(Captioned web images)
--------------------

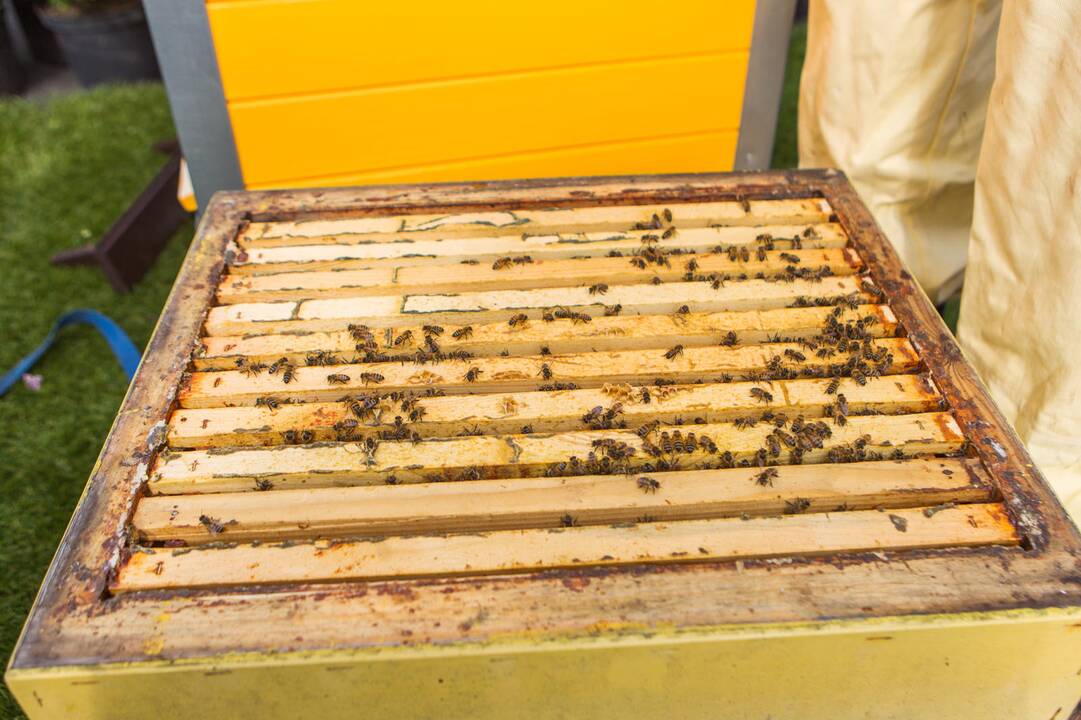 Ant verslo centro stogo apsigyveno bitės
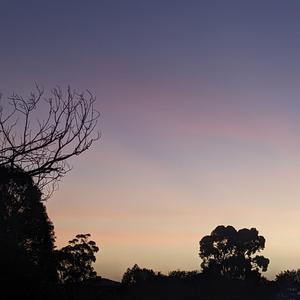 Convinced (feat. Delphinus)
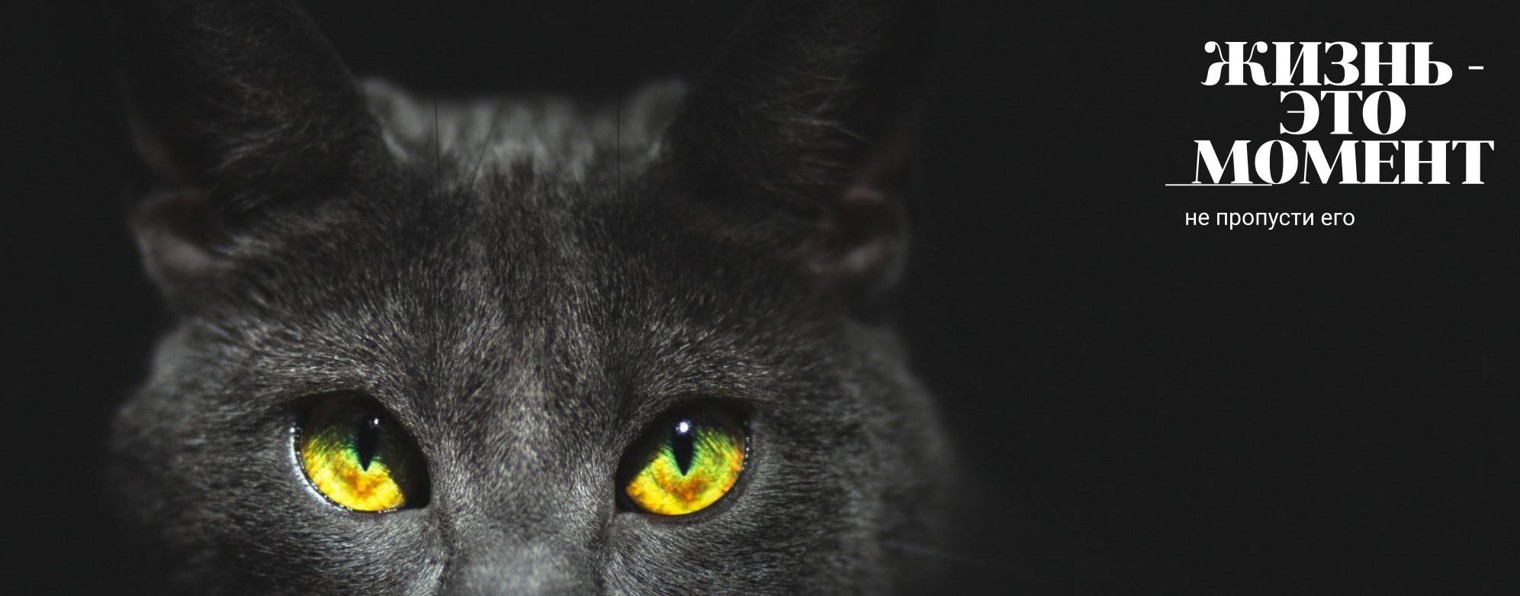 🌗  Светлая сторона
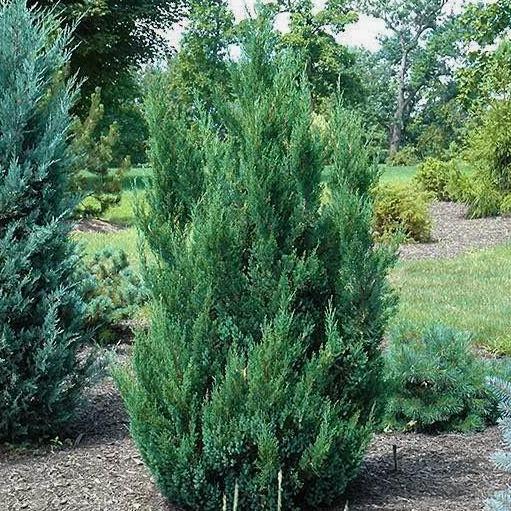 Blue Point Juniper (7 Gallon)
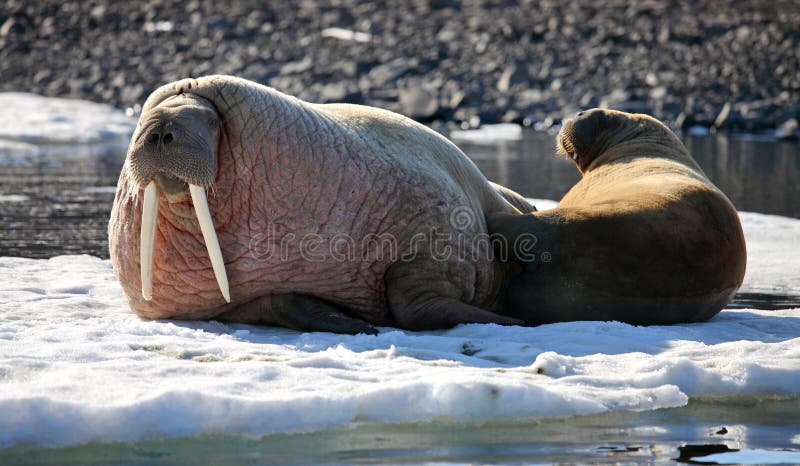 Walrus cow with cub on ice floe. Walrus cow with cub on ice floe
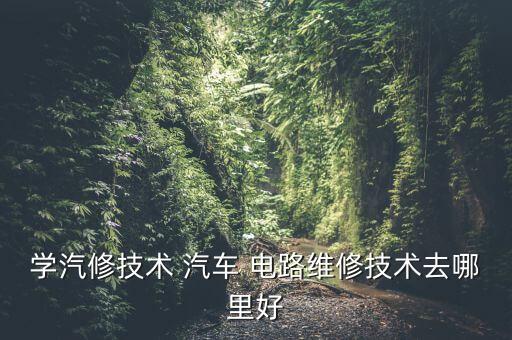 学汽车电路去哪个学校比较好,全国排名第一的汽修学校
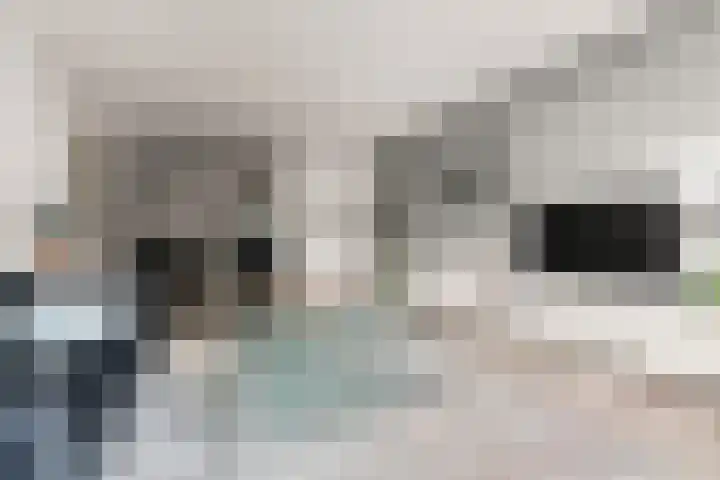 Wilhelminastraat 3 c Velp thumbnail 23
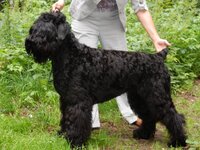 2015-07-11 10-57-32.jpg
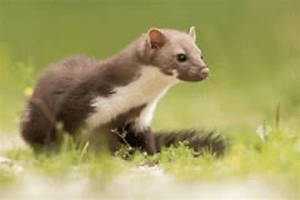 Ein kleines, braun-weißes, wieselartiges Tier steht auf dem Gras und blickt aufmerksam umher
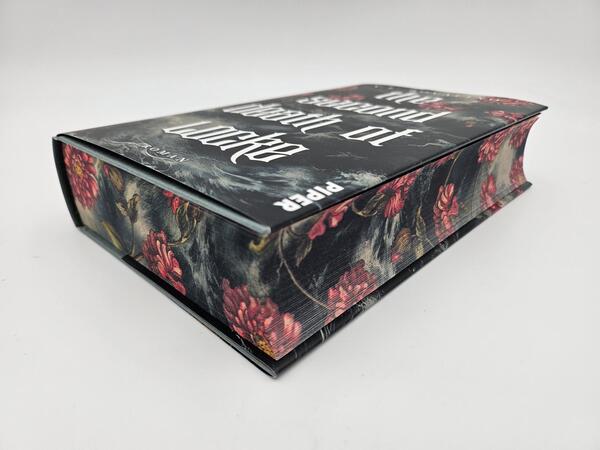 Außenansicht des Buches „The Second Death of Locke“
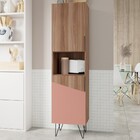 Paneleiros 2 Portas 1 Nicho Castanho/ades Coral/metal Preto B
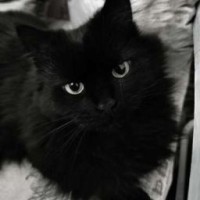 heritier-black
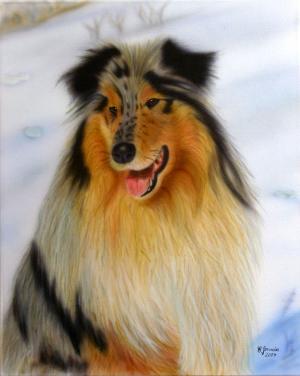 PR 7 - 61 cm x 91,5 cm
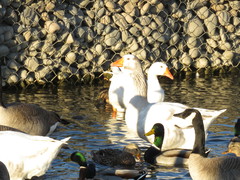 Anser anser domesticus × anser cygnoides domesticus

--------------------

Pictures are to be left out while the lines from the beginning of the records through the line with "heritier-black" are copied word for word.

 Ant verslo centro stogo apsigyveno bitės
 Convinced (feat. Delphinus)
 🌗  Светлая сторона
 Blue Point Juniper (7 Gallon)
 Walrus cow with cub on ice floe. Walrus cow with cub on ice floe
 学汽车电路去哪个学校比较好,全国排名第一的汽修学校
 Wilhelminastraat 3 c Velp thumbnail 23
 2015-07-11 10-57-32.jpg
 Ein kleines, braun-weißes, wieselartiges Tier steht auf dem Gras und blickt aufmerksam umher
 Außenansicht des Buches „The Second Death of Locke“
 Paneleiros 2 Portas 1 Nicho Castanho/ades Coral/metal Preto B
 heritier-black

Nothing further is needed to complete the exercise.